Ce document qui marque un moment précis dans la trajectoire commune des deux hommes sera donc bien la curiosité de l'exposition de Lourmarin qui comptera, on s'en doute, des trésors moins anecdotiques prêtés par des collectionneurs ou des institutions. Parmi eux, d'autres lettres, à Vercors par exemple. Dans celle-ci, Camus le remercie de son mot envoyé après qu'il eut reçu les ors du Nobel. Sacré bon boulot cette fois.
De nombreux inédits pour un centenaire attendu
Le 7 novembre prochain, Albert Camus aurait eu cent ans. Pour célébrer cet anniversaire, les maisons d'édition vont faire flèche de tout bois pour honorer la mémoire de l'écrivain, tout particulièrement du côté de chez Gallimard, qui fut son éditeur exclusif, jusqu'à sa mort tragique en 1960, sur une route de l'Yonne.

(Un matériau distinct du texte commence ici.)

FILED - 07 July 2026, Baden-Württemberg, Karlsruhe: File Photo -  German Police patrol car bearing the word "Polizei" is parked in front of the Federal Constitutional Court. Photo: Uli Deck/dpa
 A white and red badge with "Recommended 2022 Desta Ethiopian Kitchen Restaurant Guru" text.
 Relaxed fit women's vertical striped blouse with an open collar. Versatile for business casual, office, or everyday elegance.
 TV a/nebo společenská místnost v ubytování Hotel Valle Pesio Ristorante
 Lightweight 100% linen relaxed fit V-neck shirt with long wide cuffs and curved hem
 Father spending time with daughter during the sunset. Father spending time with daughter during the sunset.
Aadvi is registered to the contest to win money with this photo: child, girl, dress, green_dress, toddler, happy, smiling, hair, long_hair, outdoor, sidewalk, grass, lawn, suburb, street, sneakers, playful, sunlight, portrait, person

La correspondance volumineuse du Prix Nobel de littérature 1957 sera ainsi enrichie en septembre de trois nouveaux volumes totalement inédits, comportant l'intégralité de ses échanges épistolaires avec le poète Francis Ponge, Louis Guilloux et Roger Martin du Gard. Toujours chez Gallimard, la fille et ayant droit moral de l'écrivain, Catherine, publiera en octobre un album abondamment illustré, Le Monde en partage. Itinéraires d'Albert Camus, ouvrage complété par le catalogue de l'exposition «Albert Camus, citoyen du monde», qui se tiendra du 5 octobre au 4 janvier 2014, à Aix-en-Provence. Par ailleurs, l'essentiel du corpus de l'auteur de L'Homme révolté (près de 1500 pages) sera rassemblé dans la collection «Quarto» (depuis L'Envers et l'Endroit, publié en 1937, jusqu'à son récit posthume Le Premier Homme). Une édition accompagnée de nombreux commentaires d'écrivains contemporains et de quelques textes rares.
Du côté des inédits, on retiendra le témoignage de son ami de jeunesse Abel Paul Pitous, écrit il y a près de quarante ans (Mon cher Albert ). Toujours chez Gallimard, les fameux Carnets, véritable laboratoire littéraire, vont faire leur apparition en format poche («Folio»). Même chose pour ses brefs Journaux de voyage et l'intégrale de ses articles pour Combat (1944-1947). On attend également Camus brûlant (Stock), de l'historien Benjamin Stora et du documentariste Jean-Baptiste Péretié, écartés l'été dernier du projet d'exposition consacré à l'écrivain, ainsi que l'essai de Jean Monneret, Camus et le terrorisme (Michalon). Enfin, le romancier Salim Bachi (né en 1971 à Alger) publiera chez Flammarion un portrait de Camus pendant ses années de formation intellectuelle, sous le titre: Le Dernier Été d'un jeune homme.